Initially, the pattern space contains a copy of a single input line. In Figure 4.1 , that line is "The Unix System." The normal flow through the script is to execute each command on that line until the end of the script is reached. The first command in the script is applied to that line, changing "Unix" to "UNIX." Then the second command is applied, changing "UNIX System" to "UNIX Operating System."[2] Note that the pattern for the second substitute command does not match the original input line; it matches the current line as it has changed in the pattern space.

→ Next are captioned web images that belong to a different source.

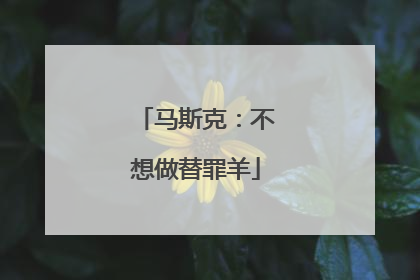 马斯克：不想做替罪羊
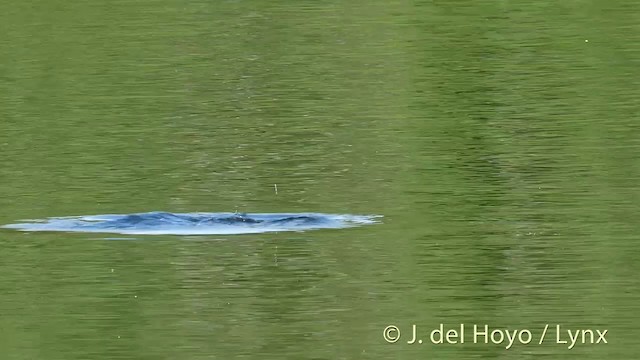 Horned Grebe - ML201404401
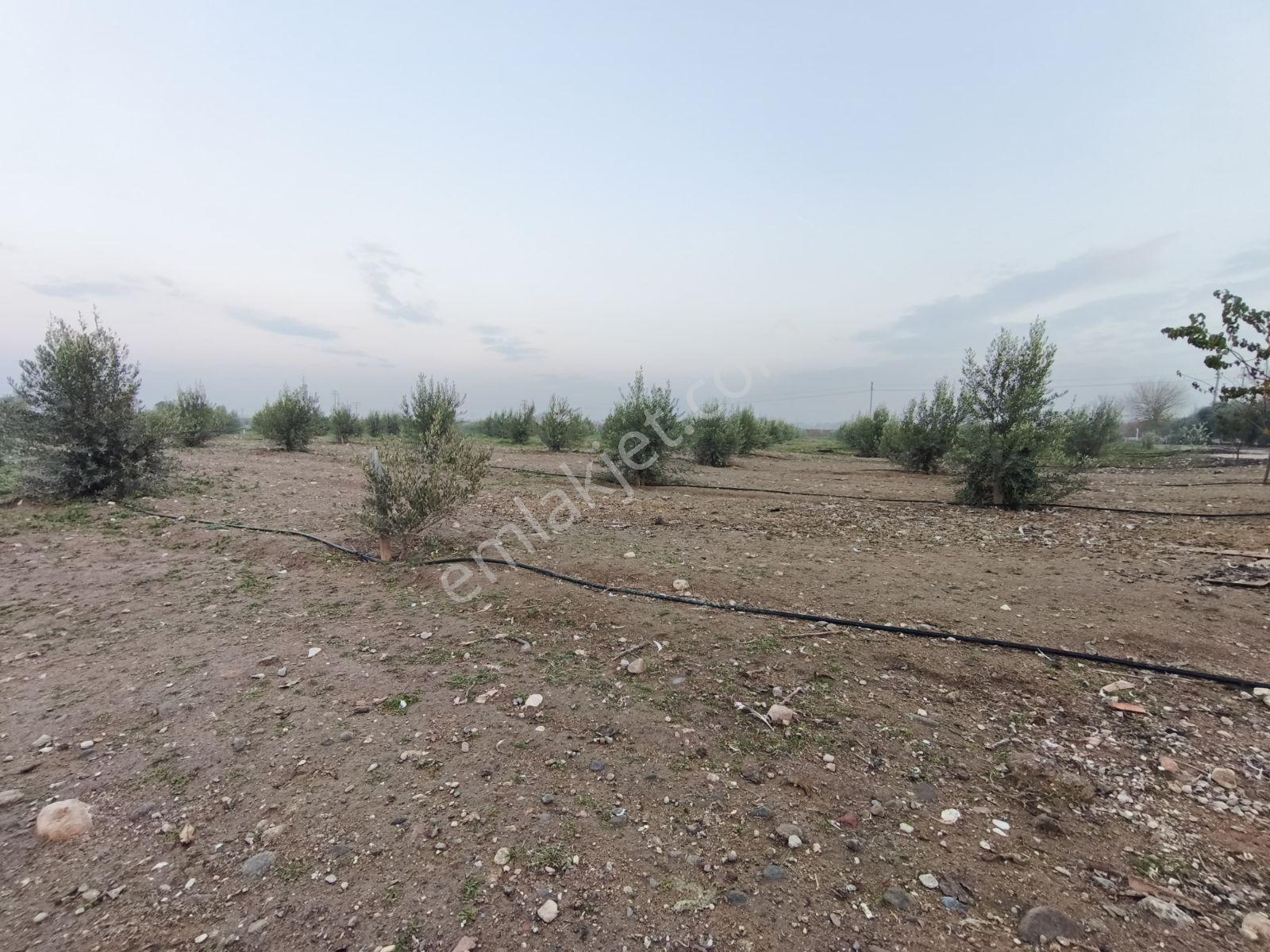 Yunus'tan Merkeze Yakın Yatırımlık Arazi - Görsel 9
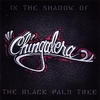 CHINGALERA: In The Shadow Of The Black Palm Tree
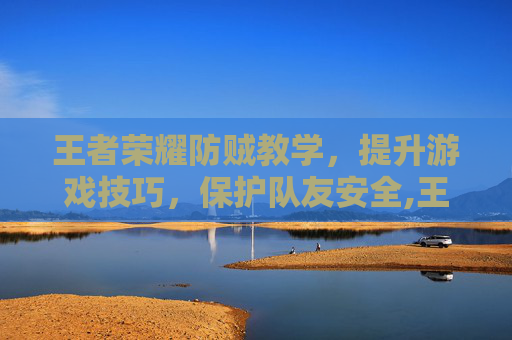 王者荣耀防贼教学，提升游戏技巧，保护队友安全,王者荣耀防御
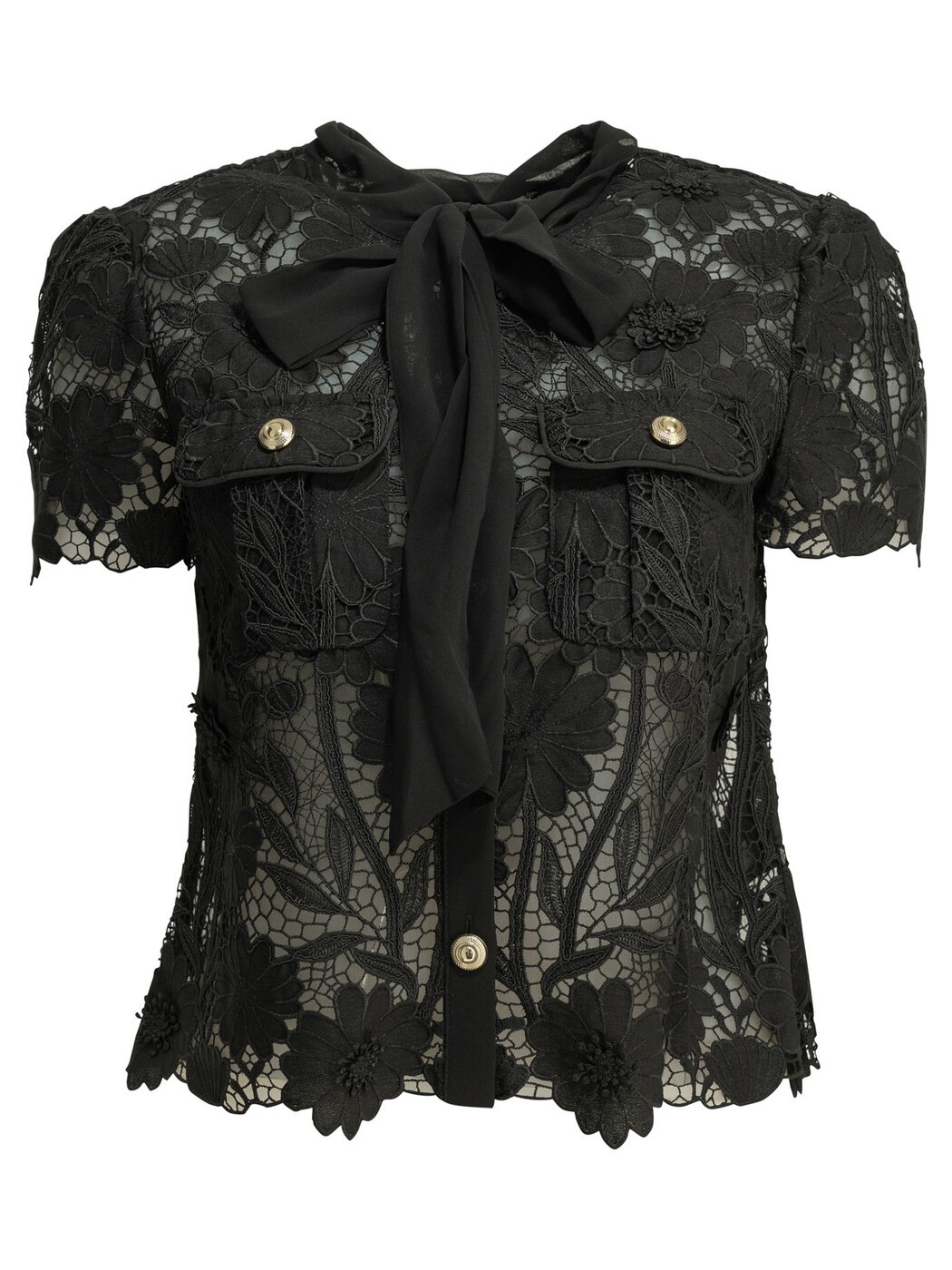 セルフ すがた絵 SELF PORTRAIT プルオーバー レディース 黒いこと Shirts Lace blouse PF26-111T-BBLACK Black 関税 貨物輸送無料 2026AW vi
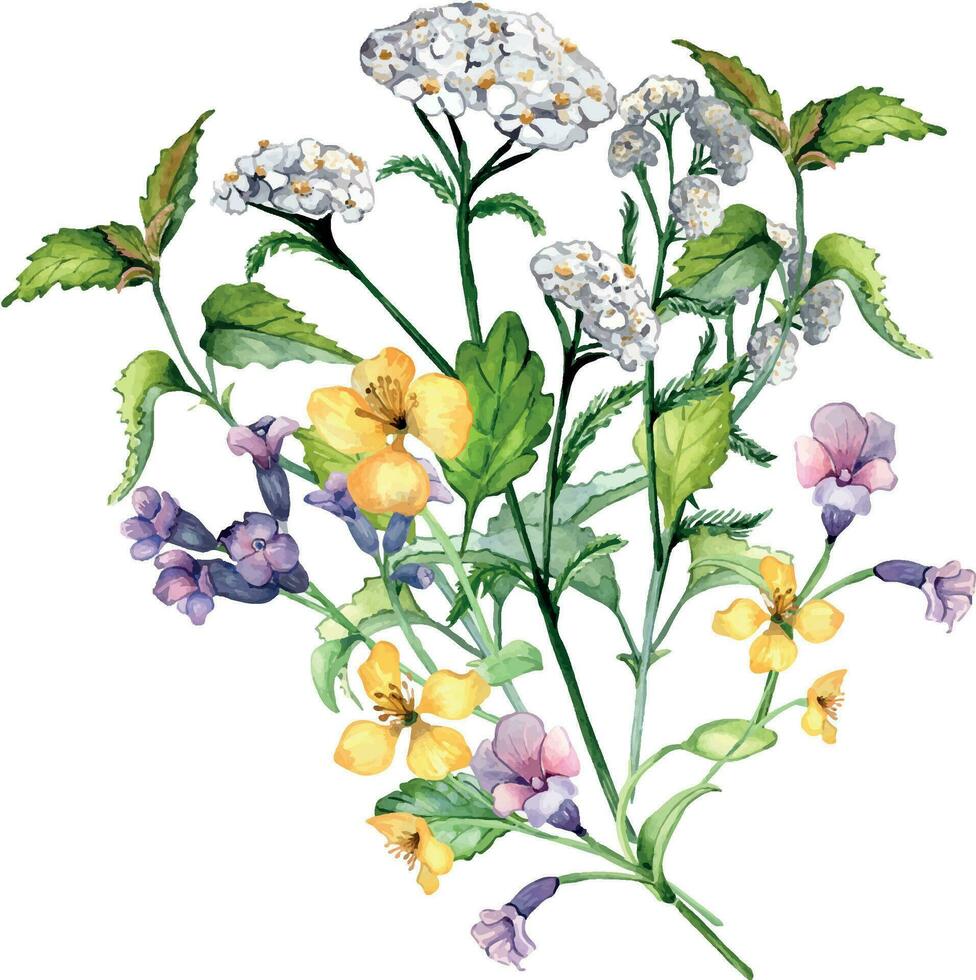 bukett av vild medicinsk växt, örter vattenfärg illustration isolerat på vit bakgrund. achillea millefolium, nässla, pulmonaria, celanin blomma hand ritade. design för märka, paket, vykort vektor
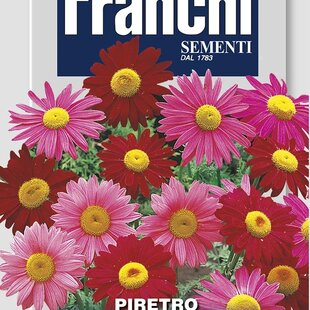 Chryzantéma ružová - ROBINSON‘S – ZMES FARIEB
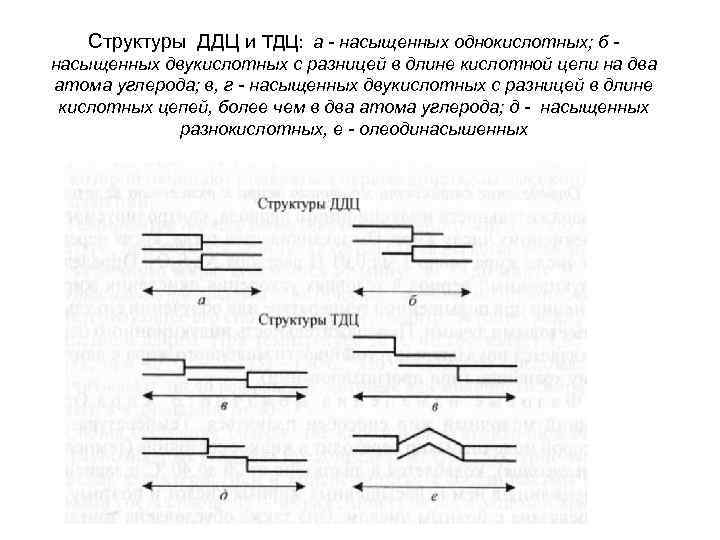 Структуры ДДЦ и ТДЦ: а - насыщенных однокислотных; б насыщенных двукислотных с разницей в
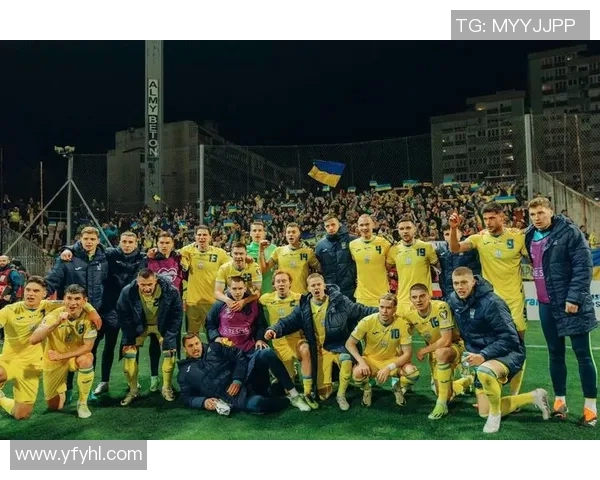 波黑与爱尔兰激战欧洲杯预选赛双方争夺晋级机会 波黑与爱尔兰激战欧洲杯预选赛双方争夺晋级机会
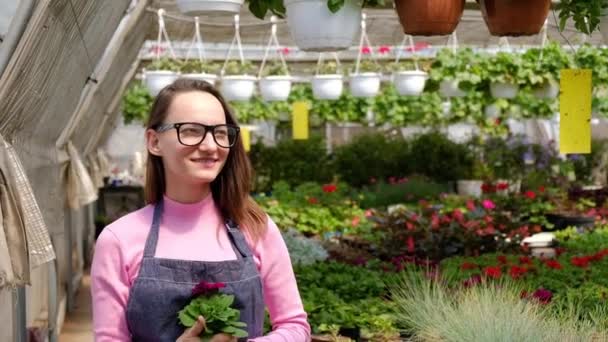 미소짓는 매력적 인 여성 이 온실에서 정원을 가꾸고 화분 식물을 들고 있는 모습. 정원가꾸기, 사람 과 꽃 재배의 개념. — 비디오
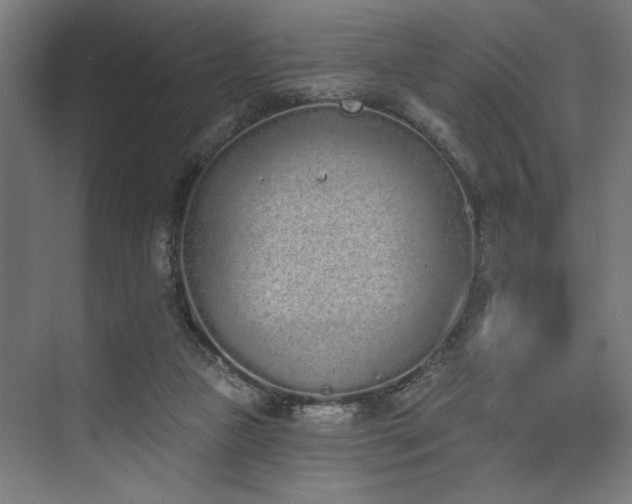 X0000074220161200608251138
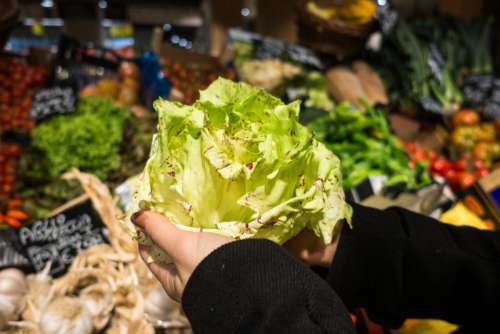 Holding lettuce in a grocery store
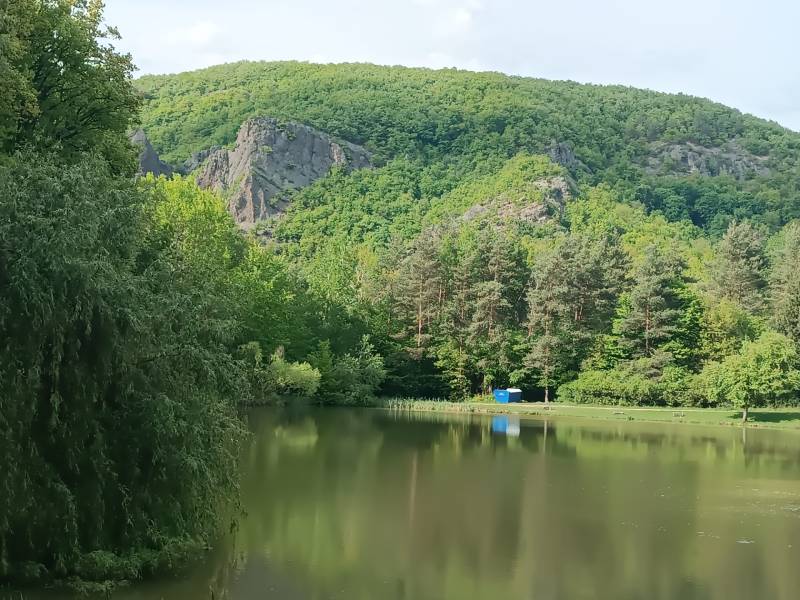 Na predaj chata pri jazere v Sklených Tepliciach - Zeleň, jazerá a lesy okolo na ulici Sklené Teplice oživujú prírodu pri chate.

[2] Yes, we could have changed "Unix System" to "UNIX Operating System" in one step. However, the input file might have instances of "UNIX System" as well as "Unix System." So by changing "Unix" to "UNIX" we make both instances consistent before changing them to "UNIX Operating System."

When all the instructions have been applied, the current line is output and the next line of input is read into the pattern space. Then all the commands in the script are applied to that line.

Figure 4.1: The commands in the script change the contents of the pattern space.

As a consequence, any sed command might change the contents of the pattern space for the next command. The contents of the pattern space are dynamic and do not always match the original input line. That was the problem with the sample script at the beginning of this chapter. The first command would change "pig" to "cow" as expected. However, when the second command changed "cow" to "horse" on the same line, it also changed the "cow" that had been a "pig." So, where the input file contained pigs and cows, the output file has only horses!

This mistake is simply a problem of the order of the commands in the script. Reversing the order of the commands - changing "cow" into "horse" before changing "pig" into "cow" - does the trick.

s/cow/horse/
s/pig/cow/

Some sed commands change the flow through the script, as we will see in subsequent chapters. For example, the N command reads another line into the pattern space without removing the current line, so you can test for patterns across multiple lines. Other commands tell sed to exit before reaching the bottom of the script or to go to a labeled command. Sed also maintains a second temporary buffer called the hold space . You can copy the contents of the pattern space to the hold space and retrieve them later. The commands that make use of the hold space are discussed in Chapter 6.